Draf rancangan Inggris—satu dari lima negara anggota tetap DK PBB—itu bisa menjadi resolusi jika minimal disetujui oleh sembilan anggota tetap ataupun tidak tetap dan tak ada veto dari lima negara anggota tetap. Selain Inggris, anggota tetap DK PBB adalah AS, China, Perancis, dan Rusia. DK PBB juga memiliki 10 anggota tidak tetap.
Situasi dan dinamika diplomasi di Markas PBB, terutama di ruang sidang DK, terkait krisis di Myanmar perlu dicermati. Bagi Perhimpunan Bangsa-bangsa Asia Tenggara (ASEAN), keselarasan langkah DK PBB dan ASEAN penting dalam upaya penyelesaian krisis Myanmar. Bobot dan tekanan agar Lima Poin Konsensus ASEAN diimplementasikan akan lebih kuat jika didukung oleh resolusi DK PBB.
Namun, menjelang sidang beredar suara di kalangan diplomat yang memperkirakan China dan Rusia akan menjadi tameng junta Myanmar dengan vetonya. DK PBB terbelah dalam isu Myanmar. AS dan mitranya berulang kali menekan Myanmar dengan sanksi, China dan Rusia kerap menjadi ”bumper” Naypyidaw. Ini yang menyebabkan beberapa draf pernyataan dan resolusi gagal disepakati di DK PBB.

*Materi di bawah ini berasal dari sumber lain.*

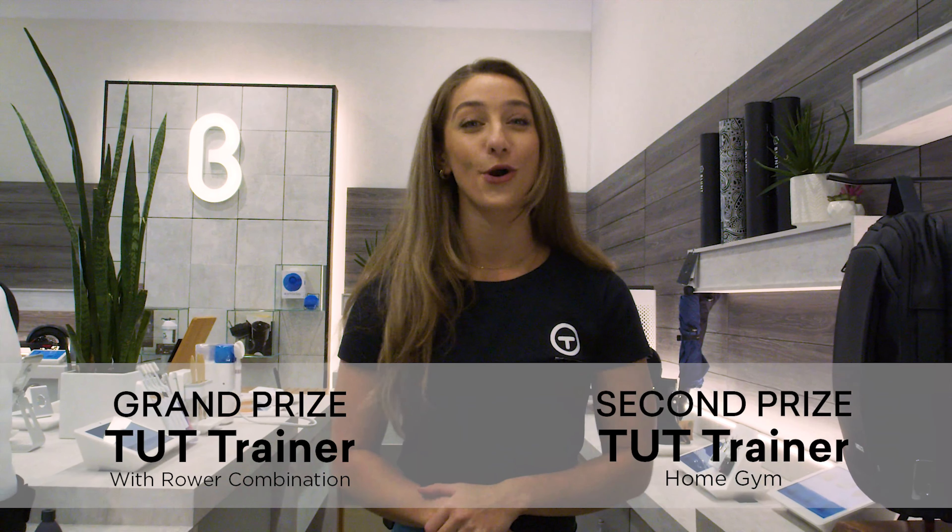Hey team, Coach Sammy here and we are so excited to announce that we are launching not one but two contests — one in December and one in January. Both contests will have a grand prize winner as well as a second place winner. The grand prize winner is going to take home a Tat Trainer with the rower combination home gym, and the second place winner will take home a Tat Trainer home gym.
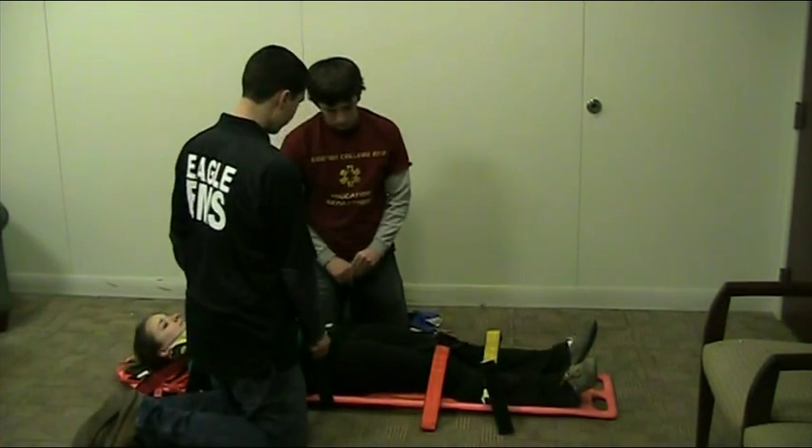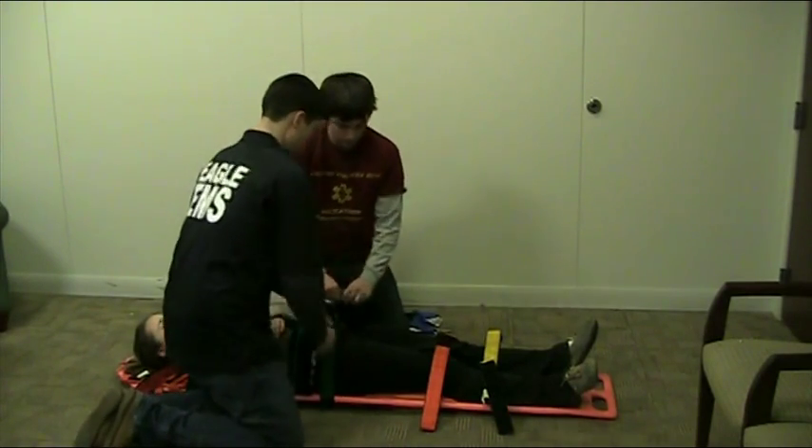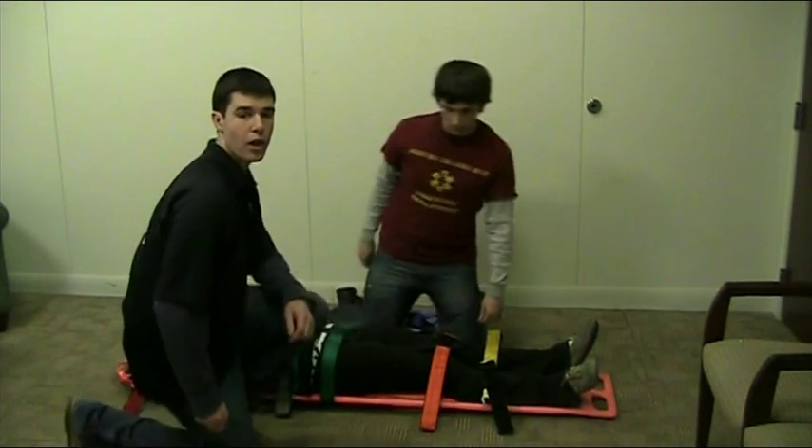As a unit, pull on the strap — one, two, three — and strap in. Do so for the rest of the straps.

China dan Rusia adalah mitra dekat Myanmar. Sejak krisis Myanmar meletus dalam kudeta militer pada 1 Februari 2021, pejabat dari dua negara itu kerap menyambangi Naypyidaw dan menggelar pertemuan dengan pejabat junta. Saat berkunjung ke Myanmar dan bertemu Menteri Luar Negeri Junta Wunna Maung Lwin, 3 Juli 2022, Menlu China Wang Yi melukiskan hubungan kedua negara seperti pauk-phaw (saudara seibu) yang solid seperti batu karang dan tak terpecah, tanpa terimbas perubahan domestik di setiap negara.
Dengan Rusia, pemimpin junta Myanmar, Min Aung Hlaing, lebih akrab lagi. Ia sudah tiga kali bertandang ke Rusia. Menlu Rusia Sergey Lavrov juga sudah menyambangi Naypyidaw. Tak dimungkiri, poros segitiga Naypyidaw-Moskwa-Beijing terjalin berkat situasi saling membutuhkan demi kepentingan masing-masing. Di pangkuan China dan Rusia, junta Myanmar memperoleh perlindungan dari tekanan internasional.
Itu menjadi tantangan bagi ASEAN, termasuk Indonesia yang akan menjadi ketua pada 2023, dalam menyelesaikan krisis Myanmar. Dengan kapasitas mesin diplomasinya, Indonesia perlu memastikan langkah negara mitra wicara ASEAN, termasuk China dan Rusia, kompatibel dengan Lima Poin Konsensus, rujukan yang valid hingga saat ini bagi ASEAN dalam menyelesaikan krisis Myanmar.